Cychlorphin statt Benzodiazepin: Vergiftung durch falsch deklariertes Arzneimittel
„Warnung vor falsch deklarierten Tabletten – lebensbedrohliche Vergiftungen möglich“, schlagen Expert:innen des Universitätsklinikums Freiburg aktuell Alarm. Grund dafür ist ein Fall, bei dem eine Person wegen der Einnahme von Cychlorphin statt eines Benzodiazepins auf der Intensivstation landete.
In einer Pressemitteilung informiert ein Team aus Toxikolog:innen des Instituts für Rechtsmedizin und Ärzt:innen der Vergiftungs-Informations-Zentrale des Universitätsklinikums Freiburg über einen schweren Vergiftungsfall – ausgelöst durch ein Arzneimittel, das im Internet bestellt wurde. Demnach kam es bei den online erworbenen Tabletten zu einer lebensgefährlichen Verwechslung. Denn das Arzneimittel war falsch deklariert und enthielt nicht den erwarteten Wirkstoff, das Benzodiazepin Alprazolam, sondern stattdessen Cychlorphin. Die Folge: Eine intensivmedizinische Behandlung im Krankenhaus.
Wirkstoffcheck
Alprazolam zählt zu den mittellangwirksamen Benzodiazepinen. Die Wirkstoffe binden an Rezeptoren der Gamma-Aminobuttersäure (GABA), was zu einer erhöhten Öffnungsfrequenz der GABA-gesteuerten Chlorid-Ionenkanäle führt. Die Substanzen wirken anxiolytisch, sedativ, muskelrelaxierend, antikonvulsiv und dämpfend. Benzodiazepine gehören zu den Behandlungsoptionen bei Angst- und Schlafstörungen und zur Beruhigung vor operativen Eingriffen. Sie stehen als Tabletten, Kapseln, Injektionslösungen oder Zäpfchen zur Verfügung, sind jedoch aufgrund ihres hohen Abhängigkeits- und Missbrauchspotenzials stark kontrolliert.
Cychlorphin ist ein hochwirksames synthetisches Opioid, das bereits in geringen Dosen zu lebensbedrohlichen Zuständen wie Atemstillstand und Co. führen kann. Opioide erzielen ihre Wirkung durch die Bindung an Opioid-Rezeptoren und eine damit verbundene Hemmung der Schmerzimpulse an die Nervenzellen. Neben zentral wirksamen Effekten wie Schmerzlinderung, Sedierung und Euphorie kommt es auch zu einer peripheren Wirkung. Angewendet werden Opioide zur Behandlung von akuten und chronischen starken Schmerzen und zur Sedierung.
Cychlorphin statt Benzodiazepin: Tabletten falsch deklariert
Was war passiert? Die betroffene Person hatte im Internet ein als „Alprazolam Triazolobenzophenone Pellets I 1 mg“ deklariertes Arzneimittel bestellt. Dieses wurde in einer durchsichtigen Zip-Tüte mit entsprechender Aufschrift geliefert und sollte angeblich ein Prodrug des Benzodiazepins Alprazolam enthalten (Handelsname Xanax in den USA und der Schweiz). Nach der Einnahme kam es zu einem lebensbedrohlichen Zustand. Der Grund: In einer späteren Analyse der verbliebenen Tabletten wurde anstelle von Alprazolam Cychlorphin nachgewiesen.

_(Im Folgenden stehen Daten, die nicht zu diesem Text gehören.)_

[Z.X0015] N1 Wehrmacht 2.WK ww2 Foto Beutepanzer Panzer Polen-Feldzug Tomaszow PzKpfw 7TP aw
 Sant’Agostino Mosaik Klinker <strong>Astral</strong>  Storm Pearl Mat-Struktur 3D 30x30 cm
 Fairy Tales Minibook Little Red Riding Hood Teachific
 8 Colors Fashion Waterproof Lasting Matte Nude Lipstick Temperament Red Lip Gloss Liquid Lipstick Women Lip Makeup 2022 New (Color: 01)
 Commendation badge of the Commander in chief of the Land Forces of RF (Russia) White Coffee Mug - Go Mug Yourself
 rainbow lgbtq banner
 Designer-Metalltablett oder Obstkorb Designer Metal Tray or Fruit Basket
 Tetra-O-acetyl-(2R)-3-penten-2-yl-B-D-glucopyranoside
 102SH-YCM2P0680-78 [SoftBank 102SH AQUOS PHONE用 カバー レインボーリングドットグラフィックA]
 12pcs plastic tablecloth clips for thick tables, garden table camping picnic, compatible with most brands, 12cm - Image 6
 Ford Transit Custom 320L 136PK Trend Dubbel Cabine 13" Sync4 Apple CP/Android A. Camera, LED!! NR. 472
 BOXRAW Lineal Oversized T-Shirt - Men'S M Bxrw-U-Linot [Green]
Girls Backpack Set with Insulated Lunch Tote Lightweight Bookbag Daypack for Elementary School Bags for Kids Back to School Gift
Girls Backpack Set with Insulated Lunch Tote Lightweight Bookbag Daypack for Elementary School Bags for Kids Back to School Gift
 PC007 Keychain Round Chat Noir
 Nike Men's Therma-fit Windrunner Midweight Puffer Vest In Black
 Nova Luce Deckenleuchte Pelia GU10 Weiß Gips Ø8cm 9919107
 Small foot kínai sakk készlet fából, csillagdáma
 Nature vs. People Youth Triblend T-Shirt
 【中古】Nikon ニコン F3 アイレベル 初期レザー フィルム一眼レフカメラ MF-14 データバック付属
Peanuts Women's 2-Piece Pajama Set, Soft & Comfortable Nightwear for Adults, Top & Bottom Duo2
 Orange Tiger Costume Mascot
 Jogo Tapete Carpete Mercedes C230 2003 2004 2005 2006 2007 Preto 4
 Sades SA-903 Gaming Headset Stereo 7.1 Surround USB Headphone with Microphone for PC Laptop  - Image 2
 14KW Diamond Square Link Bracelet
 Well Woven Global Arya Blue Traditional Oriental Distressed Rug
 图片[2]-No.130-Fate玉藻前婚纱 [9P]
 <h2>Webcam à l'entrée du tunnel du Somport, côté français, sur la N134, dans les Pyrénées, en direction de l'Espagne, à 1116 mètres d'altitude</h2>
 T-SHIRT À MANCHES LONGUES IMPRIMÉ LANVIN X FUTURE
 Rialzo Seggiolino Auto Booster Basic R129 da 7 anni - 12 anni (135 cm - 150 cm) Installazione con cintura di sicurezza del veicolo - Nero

„Wir sehen diesen Fall als Zeichen einer besorgniserregenden Entwicklung an.“ So kam es in der jüngeren Vergangenheit allein im Uniklinikum Freiburg vermehrt zu Todesfällen aufgrund der Einnahme falsch deklarierter Substanzen.
Auch bundesweit hätten sich tödliche Zwischenfälle in den letzten Jahren gehäuft, vor allem im Zusammenhang mit synthetischen Opioiden. Daher fordern die Expert:innen eine schnelle, flächendeckende Umsetzung des „Drug-Checkings“, das in Pilotprojekten in Berlin, Mecklenburg-Vorpommern und Thüringen bereits erprobt wird, aufgrund fehlender Landesverordnungen zur Umsetzung jedoch noch nicht überall möglich ist.
Achtung: Auch eine Kombi aus Opioiden und Benzodiazepinen ist tabu.